Becoming King of Athens
As the only eligible heir, Theseus soon became a king of Athens. He won the endorsement and admiration of the citizens of Athens who saw in him as a wise and far-sighted ruler, as well as a fearless and brave warrior. Theseus unified the diverse Attic communities into one powerful centrally-administered state. Commerce and agriculture flourished and Athens became an important maritime port, as Theseus rightfully believed that the sea would give power to Athens. He also established the Isthmian Games to commemorate the tasks which he had performed during his journey from Troezen to Athens and inaugurated many new festivals, including the Panathenaic festivals, dedicated to goddess Athena, the protector of the city.
Theseus then, after a while, joined Heracles on the quest to bring back Hippolyta's girdle. The amazons were about to give it over peacefully, when Hera sparked the fight where many amazons got killed and the queen Hippolyta got kidnapped by Theseus who claimed her for his bride. She eventually bore him a son and gave him name Hippolytus. However, Theseus fell in love with another woman, called Phaedra, and soon married her. The issues began when Hippolytus was in his early twenties and decided to favour and show all his devotion to Artemis instead of Aphrodite. The goddess of love got angry and made Theseus' wife Phaedra to deeply fell in love with her step son Hippolytus. When he scornfully rejected the advances of his mother-in-law, Phaedra committed suicide from her despair. But, before she died, she wrote a letter stating that Hippolytus raped her and that this was the reason behind her action. Enraged, Theseus turned to his father Poseidon in a prayer, asking the god to punish Hippolytus. Poseidon answered and sent a monster that frightened the horses drawing the chariot of Hippolytus. The horses went mad, overturning the chariot and dragging along the youth who had been trapped in the reins.
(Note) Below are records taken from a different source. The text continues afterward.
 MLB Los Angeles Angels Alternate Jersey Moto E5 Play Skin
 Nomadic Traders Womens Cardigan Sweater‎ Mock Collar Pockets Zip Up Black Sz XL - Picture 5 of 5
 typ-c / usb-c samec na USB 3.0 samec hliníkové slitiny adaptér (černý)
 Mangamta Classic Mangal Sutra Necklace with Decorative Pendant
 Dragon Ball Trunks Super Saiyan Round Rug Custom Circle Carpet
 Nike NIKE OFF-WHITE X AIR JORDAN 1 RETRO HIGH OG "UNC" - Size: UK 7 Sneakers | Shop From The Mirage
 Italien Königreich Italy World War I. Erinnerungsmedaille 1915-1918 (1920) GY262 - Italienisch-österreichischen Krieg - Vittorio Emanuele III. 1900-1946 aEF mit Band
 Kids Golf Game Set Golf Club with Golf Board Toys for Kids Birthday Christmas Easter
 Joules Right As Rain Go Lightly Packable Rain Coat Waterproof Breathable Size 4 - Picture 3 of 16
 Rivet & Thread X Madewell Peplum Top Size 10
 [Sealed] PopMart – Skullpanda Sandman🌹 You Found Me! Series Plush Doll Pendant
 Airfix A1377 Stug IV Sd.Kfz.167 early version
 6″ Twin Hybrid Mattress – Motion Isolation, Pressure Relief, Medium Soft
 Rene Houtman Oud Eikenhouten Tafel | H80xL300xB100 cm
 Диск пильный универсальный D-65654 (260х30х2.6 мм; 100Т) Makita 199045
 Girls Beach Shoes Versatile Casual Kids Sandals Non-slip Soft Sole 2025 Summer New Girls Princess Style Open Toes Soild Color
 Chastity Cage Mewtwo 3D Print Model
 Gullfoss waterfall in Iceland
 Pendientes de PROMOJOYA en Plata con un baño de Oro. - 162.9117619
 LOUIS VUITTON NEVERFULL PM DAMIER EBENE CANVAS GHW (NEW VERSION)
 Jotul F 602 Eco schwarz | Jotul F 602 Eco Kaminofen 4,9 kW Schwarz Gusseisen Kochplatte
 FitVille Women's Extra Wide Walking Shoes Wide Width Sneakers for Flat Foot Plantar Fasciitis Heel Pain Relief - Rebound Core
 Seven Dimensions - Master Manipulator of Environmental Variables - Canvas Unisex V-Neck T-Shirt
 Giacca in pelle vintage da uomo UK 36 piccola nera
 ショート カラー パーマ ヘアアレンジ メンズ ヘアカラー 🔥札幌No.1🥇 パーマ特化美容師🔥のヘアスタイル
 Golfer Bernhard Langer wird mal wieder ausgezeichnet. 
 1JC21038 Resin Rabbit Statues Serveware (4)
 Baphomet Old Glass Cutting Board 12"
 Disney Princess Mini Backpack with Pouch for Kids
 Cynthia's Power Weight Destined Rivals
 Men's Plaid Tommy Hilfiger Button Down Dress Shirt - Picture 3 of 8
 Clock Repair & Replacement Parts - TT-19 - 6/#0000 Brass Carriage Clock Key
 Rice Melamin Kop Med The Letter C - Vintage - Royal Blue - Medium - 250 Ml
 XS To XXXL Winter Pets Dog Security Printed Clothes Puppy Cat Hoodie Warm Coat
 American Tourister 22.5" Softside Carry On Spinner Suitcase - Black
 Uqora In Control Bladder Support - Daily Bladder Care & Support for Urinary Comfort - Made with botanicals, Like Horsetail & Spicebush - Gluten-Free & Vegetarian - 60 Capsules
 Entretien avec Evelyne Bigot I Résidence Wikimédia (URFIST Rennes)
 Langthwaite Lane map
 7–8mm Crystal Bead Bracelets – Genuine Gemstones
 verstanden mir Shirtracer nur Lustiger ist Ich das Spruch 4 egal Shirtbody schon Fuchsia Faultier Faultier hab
Meanwhile, Artemis told Theseus the truth about what happened and the king rushed after his boy and found him badly injured. It was too late as the poor Hippolytus expired in the arms of his father.
Theseus fell in a deep grief because of this incident and started losing control and reliability which led to the decline of popularity among the citizens of Athens. His former heroic acts and deeds were blurring away and soon rebellions began to surface, all around, against his rule. Theseus gave away his right to the throne and fled to the island of Skyros where king Lycomedes allegedly threw him off the cliffs into the sea, because he was afraid of Theseus' attempt to overthrow him. And this was the tragic end of one of the most famous Greek heroes that died upon landing into the sea.